My plan was to experience a side of the D-type all too rarely seen. When we think of the Ds, we think of racing in general and Le Mans in particular: we hardly ever consider what a fabulous road car it made as well.

The idea came from Norman Dewis, Jaguar’s chief test driver for more than 30 years and the man whose first proper job upon arriving at Jaguar in the early 1950s was to turn the D-type into a competitive proposition. And while the likes of Hawthorn and Hamilton, Bueb and England have long since gone to the great race-track in the sky, Dewis is an absurdly sprightly 85 year old who needs no excuse to drive D-types, even today. He competed at the ill-fated 1955 Le Mans in a works D-type but today he talks at least as fondly of driving the cars to and from the circuit on the public road.

“Sir William always wanted to reinforce the link between our road cars and the racers,” he says today. “While the D-type was developed at Silverstone and MIRA, it was thought important to show that it could be used as road car. And what better way could there be of doing that: we drove them from Coventry down to Le Mans, won the race, and drove them back again. The crowds were amazing.”

I’d once driven a C-type on the road but Dewis suggested that today would be rather different. “I know that knocking the C-type is not the thing to do these days but I never thought it was a very impressive car. It had a 40-gallon fuel tank slung out the back so you can imagine how much its handling changed from full to empty. But the D… now that was proper.”

Surprisingly, my 6ft 3in frame fits the D’s cabin rather well. It looks more like the cockpit of an aircraft than a car, but it’s all fairly straightforward: turn the key, thumb the button and wait for the bang. It arrives instantly as the 3.8-litre motor is woken. The engine is tuned for fast road use as sensibly JDHT does not allow it to be raced, but it still puts out around 300bhp, which in a car weighing less than a tonne is more than enough to warrant your undivided attention. It’ll also dispatch any modern road car you’re likely to chance across.

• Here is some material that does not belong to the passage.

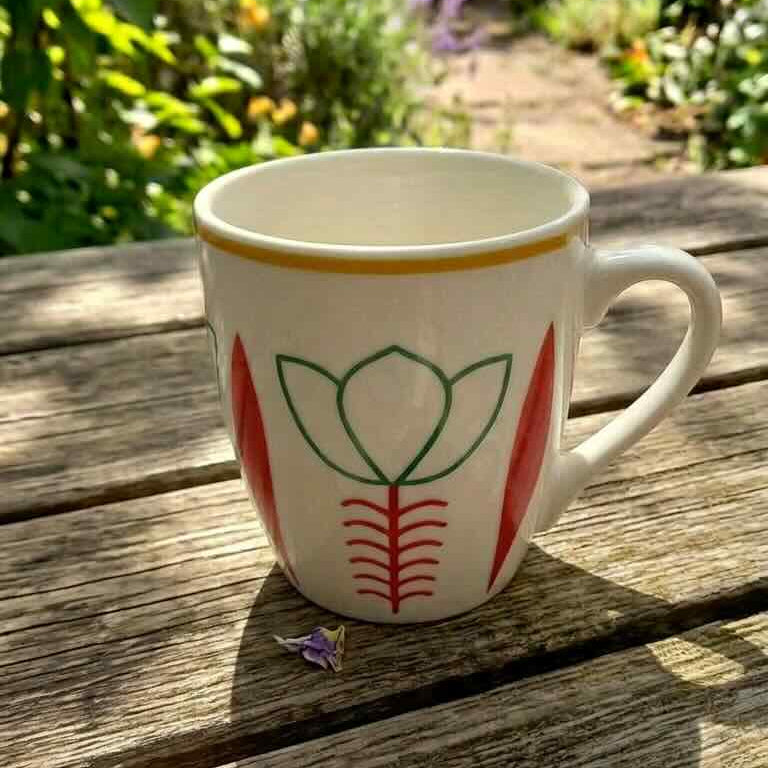 Lebanese Coffee Mug | Traditional Lebanese Coffee Design Mug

And yet it is surprisingly easy to drive. The clutch is sharp but not savage, the engine as tractable as you could wish. The Moss gearbox has syncromesh on all four ratios to make it easy for even very tired racing drivers to get the right gear and the steering is light enough even at parking speeds.

The roads are empty and, despite the car’s seven-figure value, I see no reason at all not to enjoy it to the full. JDHT has imposed no restrictions on how I drive so I simply straighten my right foot and go to work.

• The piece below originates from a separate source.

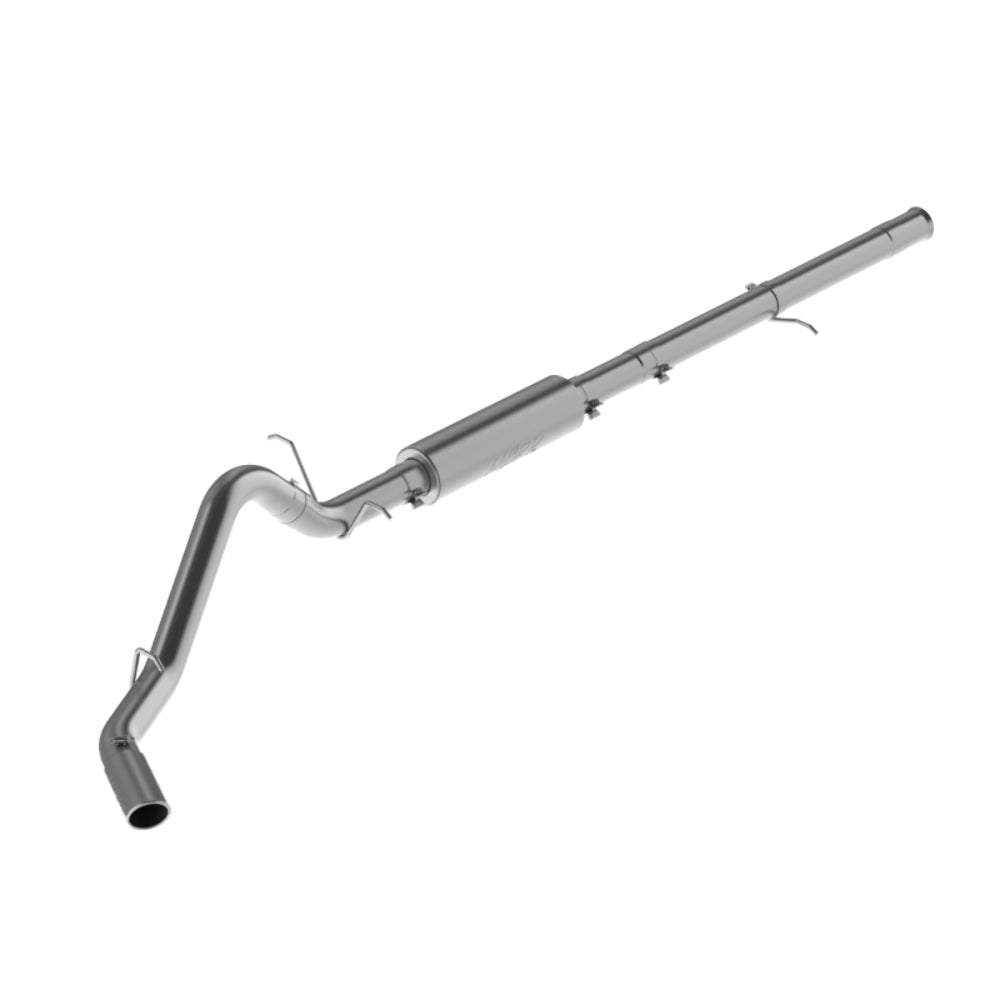 Fits 14-18 Chevrolet Silverado 1500 3 " Cat Back Single Side Exit T409-S5086409 - Cat Back Exhaust Car Part People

What strikes first is how comfortable it is. Though it has a live rear axle — and this was its undoing on tighter circuits — its ride quality is actually pretty impressive, even on unyielding Dunlop race rubber. It seems born for undulating lanes, rolling just enough to feel supple without ever pitching or heaving disconcertingly. The engine has a vast spread of power — it’s alive at 2000rpm, interested at 3000rpm, exhilarating at 4000rpm and positively feral above 5000rpm, so you can drive it how you like. You can work the slow and steady ‘box hard, keep the straight six screaming and really motor, but I found it just as pleasurable to leave it in third, ease off a tenth or two and savour the occasion.

It is also set up to perfection for the road. The correct approach is to turn into a corner on a trailing throttle, which gets the nose sniffing the apex, before then using the engine’s immense torque and progressive power delivery to place the tail precisely where you’d like. This does not result in lurid oversteer, but merely coaxes the car into that delicious neutrality whereupon its direction of travel can be determined as much by foot as hand. Just to feel a D-type drifting gently beneath you is one of the rarest privileges I have been afforded.

But soon it’s time to give the D-type back and amid the sorrow at its departure, so also there is relief. Relief that I did not place this priceless piece of history in the smallest mechanical or bodily peril; but also the relief that comes from discovering that the D-type really is as good as its reputation suggests. Jaguar might have thought that driving these cars from Coventry to Le Mans was a publicity stunt, but I suspect those like Dewis who actually did it had another motive: there is no other machine that would look, sound and feel better than this.